Pruning (manual downsampling)

This tutorial describes the pruning option for ExpectedSFS. Pruning lets you insert explicit downsampling events into the event tree to keep the internal state size small when few lineages are likely to be ancestral.

Basic usage

prune is optional and can be either a mapping or a list of tuples.

from demestats.sfs import ExpectedSFS

esfs = ExpectedSFS(
    demo,
    num_samples={"A": 12, "B": 8},
    prune={"A": 4},
)

This inserts a downsample event directly above the leaf for deme A.

You can also specify an explicit location:

esfs = ExpectedSFS(
    demo,
    num_samples={"A": 12, "B": 8},
    prune=[("A", 4, ("demes", 0, "epochs", 0, "end_time"))],
)

Supported forms for prune entries:

  • {"A": 4} means prune A to 4 at the leaf.

  • [("A", 4)] is the same as the mapping form.

  • [("A", 4, at)] inserts at a specific location.

Targeting a location

at can be either:

  • A node id from the event tree, or

  • A demes time path (for example ("demes", 1, "start_time")).

If you pass a time path:

  • If exactly one node at that time has A in its block, pruning inserts above that node.

  • Otherwise, if exactly one edge has parent time at and a child block containing A, pruning inserts along that edge.

  • If neither case is unique, an error is raised to avoid ambiguous edits.

To discover node ids, inspect the event tree:

from demestats.sfs import ExpectedSFS

esfs = ExpectedSFS(demo, num_samples={"A": 12, "B": 8})
for node in esfs.et.nodes:
    attrs = esfs.et.nodes[node]
    print(node, attrs.get("event"), attrs.get("t"), attrs.get("block"))

What pruning does (and does not) change

  • The SFS output shape is still determined by num_samples.

  • Pruning only changes the internal state during traversal.

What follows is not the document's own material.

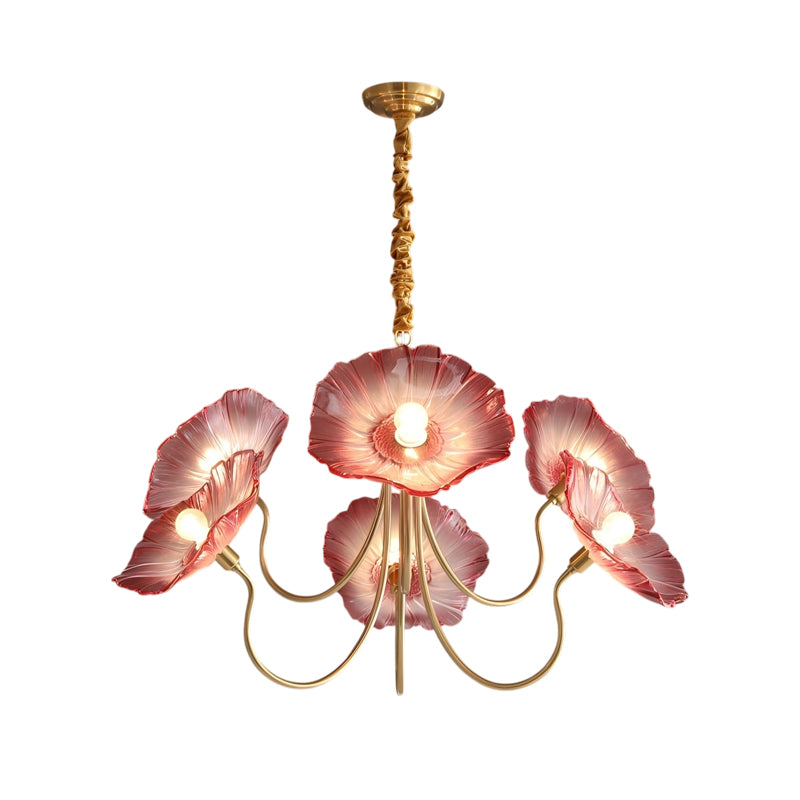 Lotus Leaf Glass Chandelier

  • m == n is a no-op (no change).

  • m == 0 produces an all-zero SFS.

Pruning uses a hypergeometric downsample along the specified axis. This is an approximation that is useful for dimension reduction, but it does not always match the exact smaller-sample model.

Example: deep ancestry

If a split is very old, at most one lineage typically survives to the merge. Pruning to 1 at that merge time often has no effect on the SFS:

import demes
from demestats.sfs import ExpectedSFS

b = demes.Builder()
b.add_deme("ANC", epochs=[{"end_time": 50.0, "start_size": 1.0}])
b.add_deme("A", ancestors=["ANC"], epochs=[{"start_size": 1.0}])
g = b.resolve()

esfs = ExpectedSFS(g, num_samples={"A": 4})
base = esfs()

pruned = ExpectedSFS(
    g,
    num_samples={"A": 4},
    prune=[("A", 1, ("demes", 1, "start_time"))],
)()

In this setup, base and pruned agree.

Important caveats

  • Pruning after a merge acts on a mixed axis (lineages from multiple demes). Even if an event is a no-op (for example, a pulse with p=0), pruning a mixed axis is not equivalent to pruning before the merge.

  • If your model includes continuous migration, the SFS code assumes sample sizes of at least 4 in populations participating in migration. Pruning below that may lead to errors or poor approximations.